Good news everybody! I applied to and was accepted by an online newspaper, so I will be paid to publish these beer blogs. I'll still do them here, of course, and the Elliquiy versions will probably be better because I won't have to censor myself and can write in the 1st person, but I'm happy about getting paid to do two things I love to do anyway-- drink and write (granted, it'll only be about $4 an article, so I'll definitely be splitting them up into one beer per review for that site. If anyone wants to help me out, just give me permission to PM you with the link to the site. Each click earns me a little money, as does the length of time spent on the page).
Imogen- Damnit, I saw and had the chance to pick up a Grolsch just three hours ago!

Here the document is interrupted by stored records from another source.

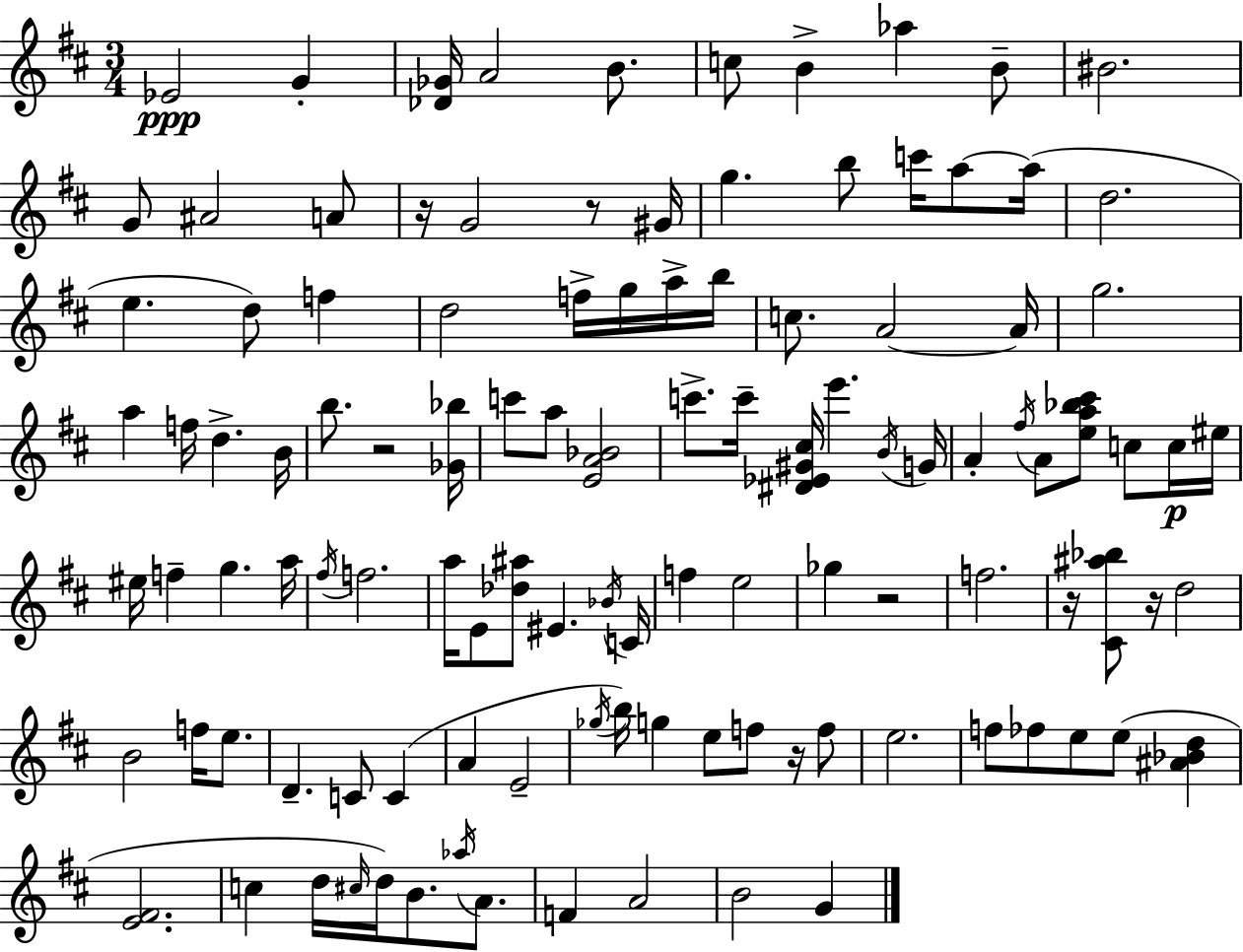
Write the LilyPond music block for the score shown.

{
  \clef treble
  \numericTimeSignature
  \time 3/4
  \key d \major
  \repeat volta 2 { ees'2\ppp g'4-. | <des' ges'>16 a'2 b'8. | c''8 b'4-> aes''4 b'8-- | bis'2. | \break g'8 ais'2 a'8 | r16 g'2 r8 gis'16 | g''4. b''8 c'''16 a''8~~ a''16( | d''2. | \break e''4. d''8) f''4 | d''2 f''16-> g''16 a''16-> b''16 | c''8. a'2~~ a'16 | g''2. | \break a''4 f''16 d''4.-> b'16 | b''8. r2 <ges' bes''>16 | c'''8 a''8 <e' a' bes'>2 | c'''8.-> c'''16-- <dis' ees' gis' cis''>16 e'''4. \acciaccatura { b'16 } | \break g'16 a'4-. \acciaccatura { fis''16 } a'8 <e'' a'' bes'' cis'''>8 c''8 | c''16\p eis''16 eis''16 f''4-- g''4. | a''16 \acciaccatura { fis''16 } f''2. | a''16 e'8 <des'' ais''>8 eis'4. | \break \acciaccatura { bes'16 } c'16 f''4 e''2 | ges''4 r2 | f''2. | r16 <cis' ais'' bes''>8 r16 d''2 | \break b'2 | f''16 e''8. d'4.-- c'8 | c'4( a'4 e'2-- | \acciaccatura { ges''16 } b''16) g''4 e''8 | \break f''8 r16 f''8 e''2. | f''8 fes''8 e''8 e''8( | <ais' bes' d''>4 <e' fis'>2. | c''4 d''16 \grace { cis''16 }) d''16 | \break b'8. \acciaccatura { aes''16 } a'8. f'4 a'2 | b'2 | g'4 } \bar "|."
}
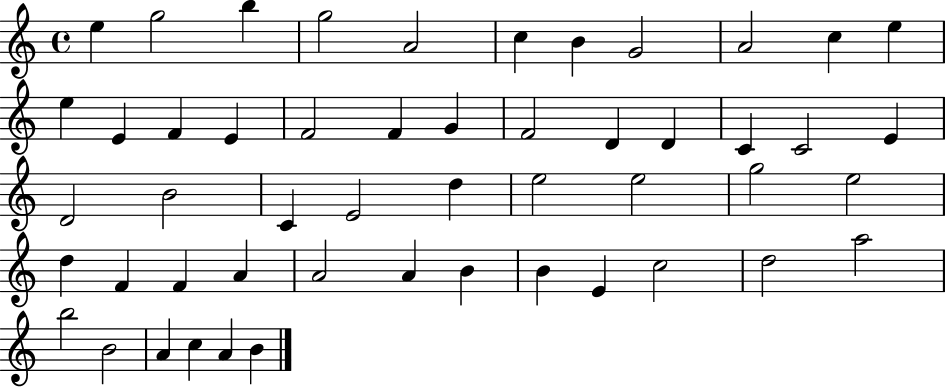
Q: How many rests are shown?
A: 0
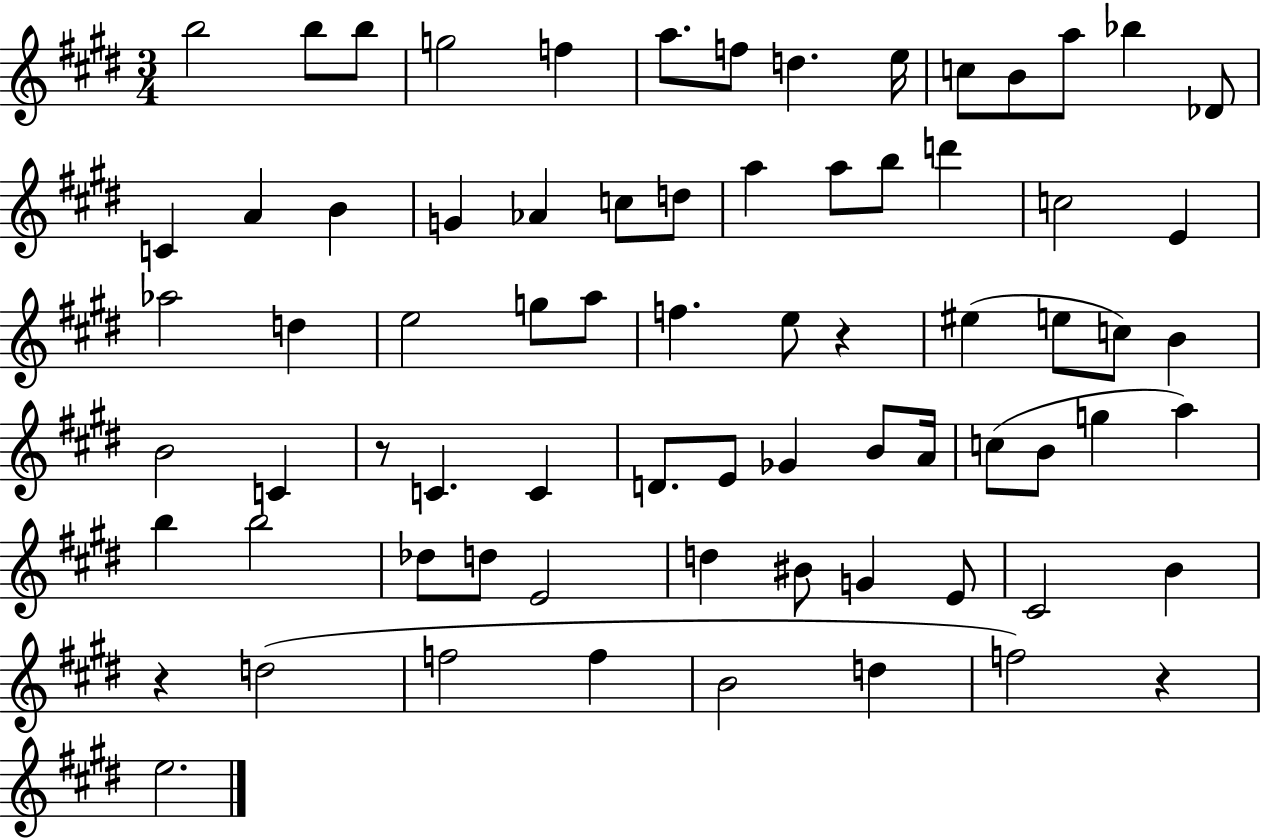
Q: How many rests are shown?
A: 4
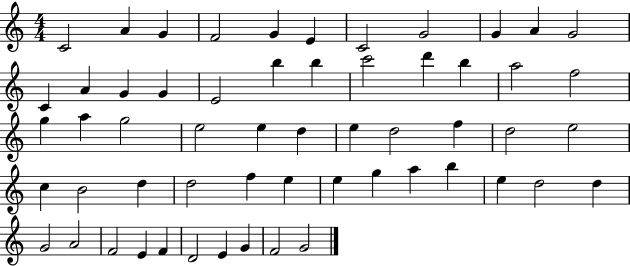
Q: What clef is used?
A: treble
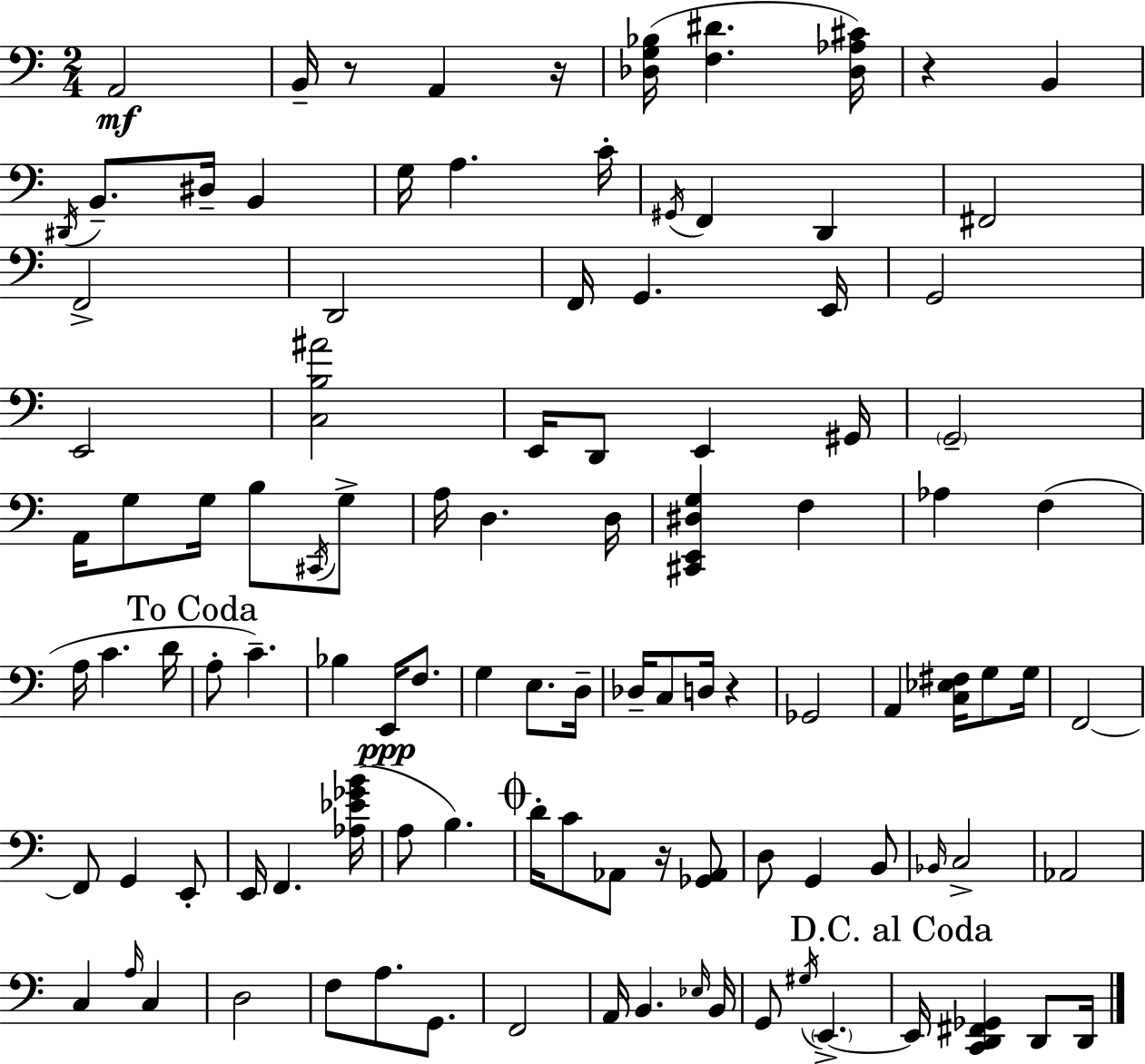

Instead, I picked up the following:-Becks German Pilsener -Bass Bass Pale Ale
(thanks to Kurzyk for the recommendation for both Bass and Becks)-La Fin Du Monde
(a critically-acclaimed Tripel from Canada)-Erdinger Hefeweizen
(thanks to Arhys for convincing me to buy one)-Sapporo Draft
(A Japanese Rice Lager)-Bohemia
(Another German Pilsener...from Mexico; sorry Lord Mayerling, but I promise that Negra Modelo is on the top of my list of beers to pick up!)
So that's Germany, England, Canada, Japan, and Mexico; I decided to go multicultural with today's six pack.
Aiden-- Answered you in PM.
Imogen and Neroon- Honestly y'all, I couldn't find a single one of those beers at my local specialty store aside from the Samuel Smiths; however, a fellow BeerAdvocate just informed me of another specialty store in the city next door, so I will definitely investigate that one as well.
Alright, I know I said that I would take the next few days off, but I wasn't lying in the first post about being an inveterate imbiber, so I bring you a bonus beer for the week!
Tonight's offering is Three Philosophers Belgian Style Blend
by Brewery Ommegang.
Brewed by:Brewery Ommegang
New York, United States
There are a subset of Belgian Strong Ales that go in a particular order based on ABV and flavor (and, of course, amount and ratio of ingredients), all of which were and still are inspired by and based on the old Trappist ales mentioned earlier in this blog
. Those styles are Dubbel, Tripel, and Quadrupel. Give yourself a pat on the back if you figured that Quadrupel was the strongest. Quadrupels generally have the highest alcohol by volume and the strongest flavor of dark fruit and sweet malt. This particular Quadrupel is unique in that it is, according to the label, 98% Belgian Ale and 2% Ale with cherries. It's an unusual notion, but because most Belgian ales have fruit-flavors and fruity esters to begin with, I suppose it makes sense to compliment the dark fruit flavors of a Belgian Strong Dark Ale/ Quadrupel with a dark fruit ale.
Poured from a 750ml bottle into a snifter. No freshness date provided, but this kind of brew could easily age for a year or two.Appearance-
4 out of 5. The deep ruby color is somewhat cloudy in the first glass and very cloudy in the second due to the yeast from the bottom being poured into the glass. It is very reminiscent of cherry skin held up to a light, which I suspect is a sign of things to come. The off-white head was two fingers tall and medium in body but left wonderful lacing all around the glass.Smell-
4 out of 5. Dark fruit, light malt, and cherries dominate the nose of this beer. A deeper whiff brings hints of alcohol and hops, but the overall scent is sweet.Taste-
4 out of 5. Sweet and smooth. The cherry ale may only embody 2% of the overall volume, but it definitely dominates the taste. Creamy yeast flows along the tongue, bringing tastes of sweet malt and a bit of brown sugar. Gentle hops tingle on the back of the tongue before giving way to a long-lasting sweet aftertaste. There's a reason that the word "sweet" is in five of the six sentences of this part of the review; that aspect best characterizes the taste. It's not bad at all, but it should be avoided if you don't have a taste for beers on the sweeter side of the fermented spectrum.Mouthfeel-
4 out of 5. Medium and creamy, not at all crisp but pleasant on the tongue. The alcohol is warming but otherwise unnoticeable.Drinkability-
4 out of 5. This is an interesting change of pace from typical quadrupels, but it's only for those who can handle a burst of sweetness that's almost like a bunch of gang-banging cherries orgasmically exploding in your mouth. I could down easily down the whole 750ml bottle, but this beer deserves to at least be sipped frequently instead of outright chugged.
Overall, a B. It's a novel idea, and I appreciate it, but the next Quadrupel to appear in this blog will be the iconic, true Quadrupel, St. Bernardus Abt 12
Will- Sorry bud, but this beer is not meant for your deep, brooding taste-buds.